In crisis times you can go one of two ways. With and for the people. Or with and for the capitalists who caused the crisis in the first place. This is a budget of the rich, by the rich, for the rich say the Communists. Nothing else should have been expected from a Con-Dem Cabinet with 22 millionaires among its 29 members. Read on for the CP proposals to tackle the ruling class destruction of services, jobs and industry. You can download and print off to distribute a new CP leaflet on the budget here.

It continues and extends the same austerity and privatisation programme inherited from New Labour, with £10.5 billion in welfare cuts to be added to the £203 billion cuts already intended between now and 2015.

These cuts are not necessary. According to the Office of National Statistics, just 10 per cent of the population own at least £4,000 billions in personal wealth in Britain, 44 per cent of the total. That excludes the vast amounts stashed away in secret. 

A modest 2 per cent wealth tax on this super-privileged minority would raise £80 billion a year - twice as much as the Chancellor's five-year austerity programme, without any spending cuts or tax rises at all.

Instead, this budget rewards rich tax dodgers while punishing the poor, low paid, unemployed, pensioners and the disabled. On the grounds that so many people on more than £150,000 a year have avoided paying the 50p top rate of income tax, it is to be reduced to 45p next year and then abolished altogether. 

According to the Institute for Fiscal Studies, people with higher incomes will gain most from raising the starting-point for paying income tax. But five million pensioners will lose out over coming years because the Chancellor is freezing and eventually scrapping their extra personal tax allowances.

Meanwhile, the National Minimum Wage will be frozen for 18-21 year-olds and the cuts in Working Tax Credit and Disability Living Allowance will go ahead.

This budget will not lift the British economy out of stagnation. The latest forecasts of quicker growth, falling unemployment and lower living costs will turn out to be as falsely optimistic as last year's.

Slashing public expenditure, reducing people's purchasing power, implementing the rise in VAT and destroying 275,000 public sector jobs in a single year does not promote economic growth.
In the USA, President Obama's modest economic stimulus has helped produced 24 months and continuous growth, bringing unemployment down below Britain's rate of 8.4 per cent. A package of a similar type and on the same scale here would mean £27 billion of state funding for job creation initiatives and an extra £22 billion for social and welfare programmes.

This government prefers to pump an extra £50 billion into City of London banks and markets, bringing the total paid so far in 'quantitative easing' to £325 billion.
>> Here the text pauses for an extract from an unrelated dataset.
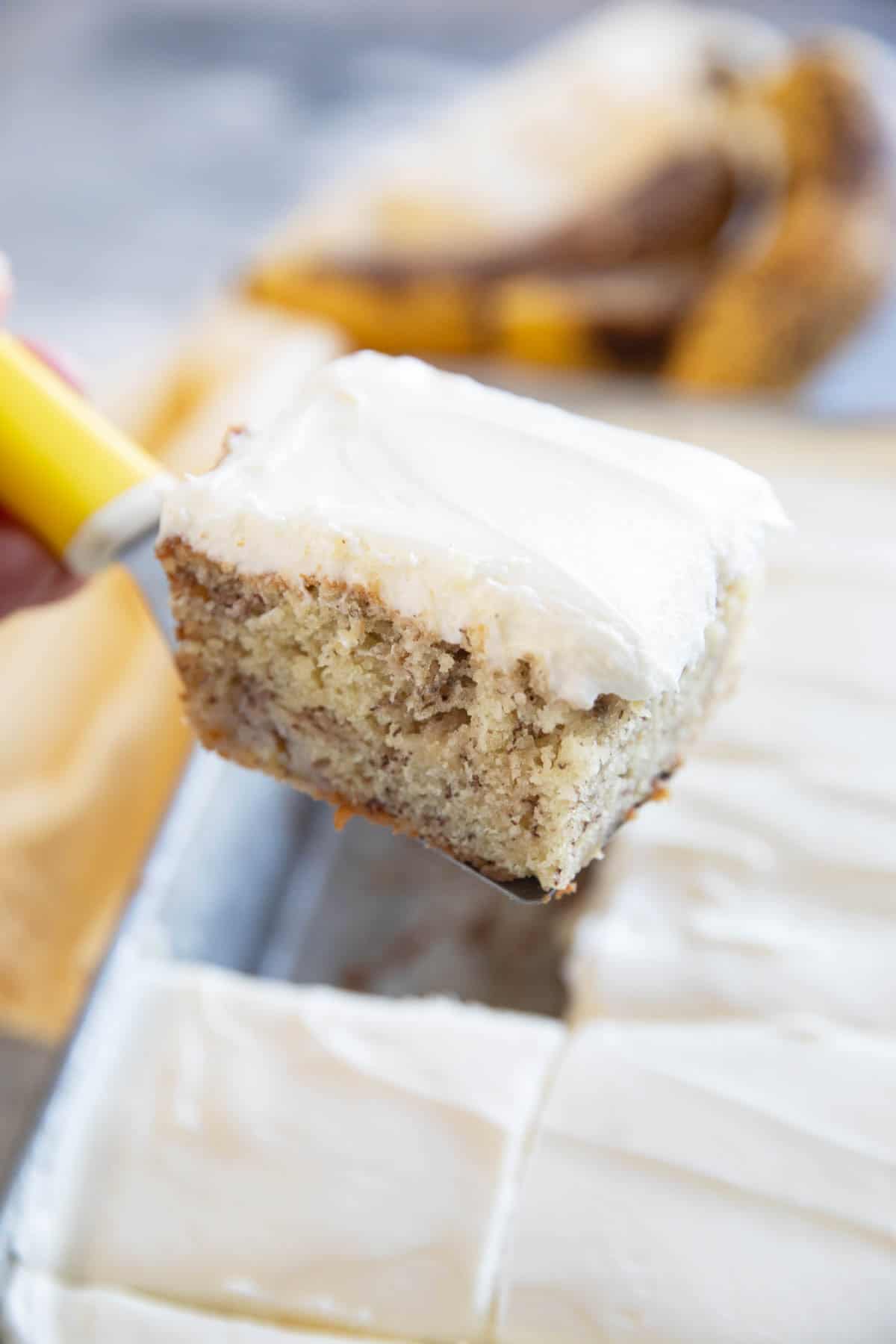 Removing a slice of banana cake from a cake pan.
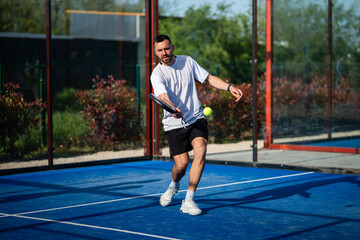 Obraz premium Male padel player hitting a yellow ball on blue court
Corporation Tax on company profits is being immediately reduced by two points to 24 per cent, costing the Exchequer around £3 billion a year. Osborne compared the new rate favourably with those in the US (40 per cent), Japan (38), France (34) and Germany (30).

At the same time, the government is closing 36 Remploy factories which made a total operating loss of £26 million this year (2011-12), throwing 1,752 mainly disabled workers and their skills onto the scrap-heap.

Even Chancellor Osborne's boast that the government's financial deficit will be reduced more rapidly is based on the seizure of £28 billion of assets in the Royal Mail pension fund. He did not mention that the state has also acquired the scheme's liabilities estimated at £37.5 billion.

If Royal Mail is privatised, it will be yet another case of nationalising the debts while privatising the profits.

The Con-Dem government's proposal to privatise new parts of the trunk and motorway network will extend the principle of 'first class' travel for the rich from the railways to our roads.

The Communist Party advocates Budget policies that would enhance people's living standards, public services, productive industry and the environment. We propose a Left-Wing Programme with measures to:

  • Restore the cuts in social and welfare spending. 
  • Cancel the cuts in working tax credit. 
  • Reduce VAT. 
  • Boost capital spending by local and central government, including a massive public sector housebuilding programme, 
  • Impose price controls on the energy utilities and bring them back into public ownership 
  • Levy a wealth tax on the super-rich. 
  • Charge a windfall tax on energy, banking and retail monopoly profits. 
  • Introduce a financial transactions tax. 
  • Increase the higher tax rates on dividends, bonuses and pension windfalls. 
  • Close all tax havens under British jurisdiction. 
  • Raise the top rate of council tax. 
  • Unfreeze the local business rate on big business.